If you’ve worked with this before, it’s about setting variables. Some Ecommerce platforms do this better than others. Regardless, for clients this is how they buy yogurt at Target, select candy on Valentine’s Day, and order ice cream cones for the family in summer.
But I made a mistake and here is how I lost 99% of my credibility with a $49 extension. Ready to hear my story?
My Mistake: Most Ecommerce plugin sites state that connecting to gateways such as Authorize.net or PayPal is a matter of purchasing an extension/plugin and installing it.
As such, I focused time on making sure I could set up the type of variable product selection the client requested.
The following saga excludes the extensive use of the 3 C’s this project entailed. Diet Coke, Cursing, and Chocolate.
1. WooCommerce
April 3 submitted a support request. April 5 quick question back. April 8 taken to task a bit because they need time for their families; I was pushing due to knowing 5 days is forever for my client. Gave Woo breathing room. April 19, sorry for the delays, they see I have uninstalled and requested a refund.
Received full refund immediately and would try again if I had more time. My question is still an issue being tossed around by others; however, I could not survive a 16-day response time.
2. WP e-Commerce
April 11, spent $96 including a premium support token for $47. Gave up, requested a refund, and did hear back April 21. Still no response to support question posted 10 days earlier; however, “I apologize that I can’t grant your refund request. Our products are non-refundable as you’ve agreed upon purchase (in the T&C section).”
Ok.
3) Jigoshop
No problems with the Ecommerce plugin. However, the $49 extension to connect to the client’s Authorize account led me to determine for all eternity that:
MVPs are great for businesses and have no place in Ecommerce code.
I have to say I became the poster child for them too; the insistent customer. I purchased their $39/month premium support and although there were a few stalls in responses there were as many faster than expected responses. I still have concerns over why some things seemed new to their product, why some issues were not obvious, and why it took sooo long to get it working properly.
However, I would use their product again because they wanted it to work as much as I did.

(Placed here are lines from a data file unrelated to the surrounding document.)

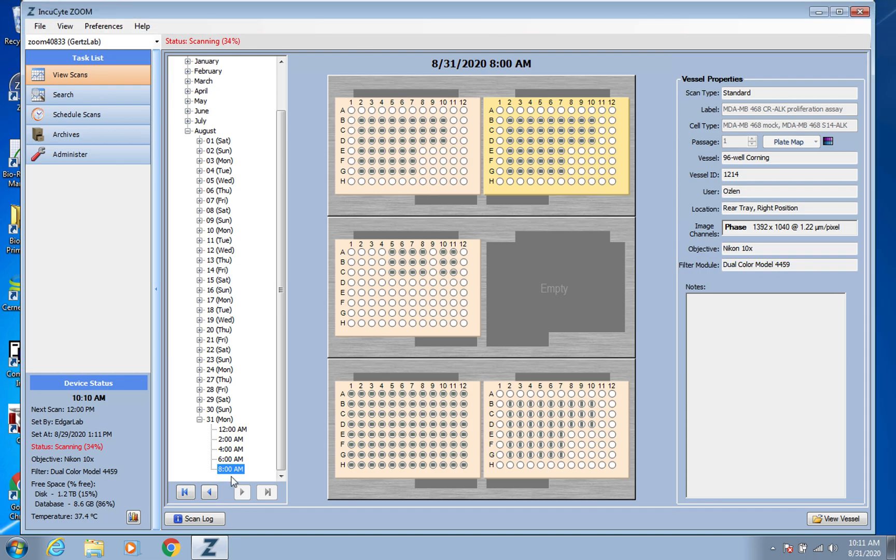Hello, this is Christina Rodriguez, and this video is going to be about how to create a processing definition.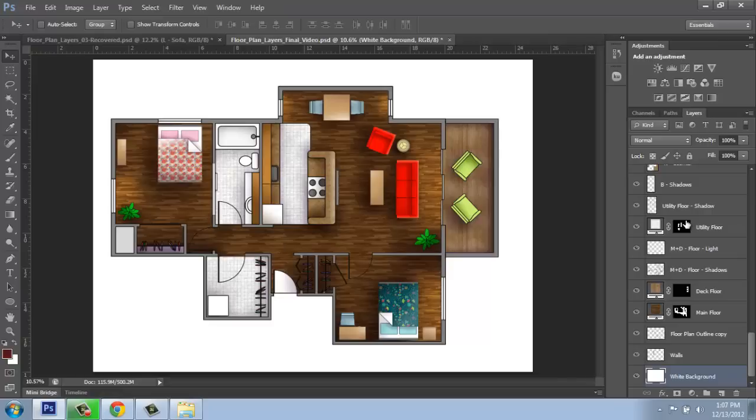Save one that has all of these layers so that if you change your mind about something, anything like that in the future, that you always have a version that you can come back to and make edits to. Because if you flatten this, save it, that's it. It's going to be permanently fused together.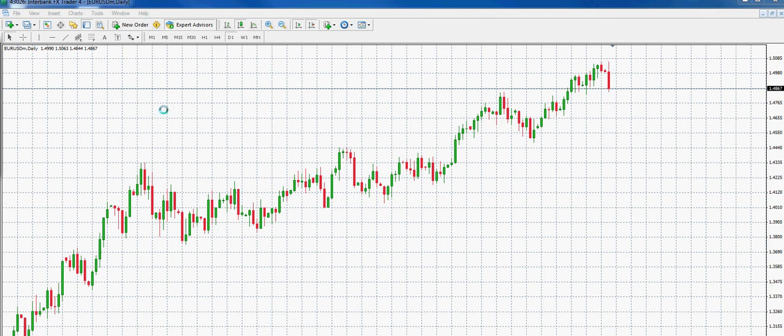Hi, this is Greg from Trump Trader. It's October 26th. I just wanted to talk to you guys about minor and major resistance and how to determine profit targets and entry points. So right now we're looking at the EURUSD on the daily charts in MetaTrader.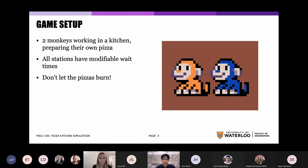Human error is introduced into this game firstly because each student needs to control both monkeys at the same time, and this can be hard to multitask. Another source of human error is introduced if they do not deliver the pizza within the time limit. As you can see, there are lots of components to think about when students are setting up their kitchen, and it's expected that they will need to experiment with changing these variables in order to achieve overall productivity.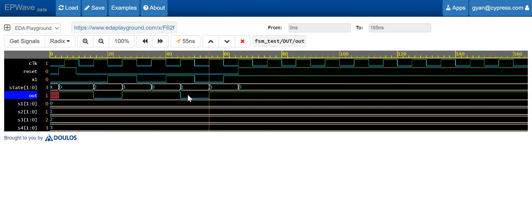To recap: in our previous video with FSM design technique one, the output was getting shifted by one clock cycle because of the registered output. But here the output is exactly following the state transition — it is non-registered. Whether to use a registered or non-registered output completely depends on your application. Both have their pros and cons, so you have to choose registered or non-registered output wisely depending on your design requirements.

Of course, my client did not understand any of the above because they offer a small selection of products that already include sales tax and shipping in their price. I don’t remember spending more time on something, and yet, if they could my client would boo me off the stage.
In the end, my expectation should have meshed with what the plugin said it would do; connect Jigoshop to Authorize.net . Instead, weeks passed along with a ridiculous amount of unpaid time.
Lessons Learned:
But here’s what I learned…
1. WP’s text tab strips html code that may be needed for selling products. As such, plugins are the way to go.
2. Leave time and money for the last step, connecting the Ecommerce plugin to the payment gateway. Don’t assume you’ve done this a thousand times and it will be quick. Assume your client won’t know enough about the gateway merchant account to debug; it may be that something unexpected stops things.
One of the issues I had was that the product name was more characters than Authorize.net was expecting and, as such, it rejected the product. This change needed to be made in Authorize. Other changes were made in the plugin.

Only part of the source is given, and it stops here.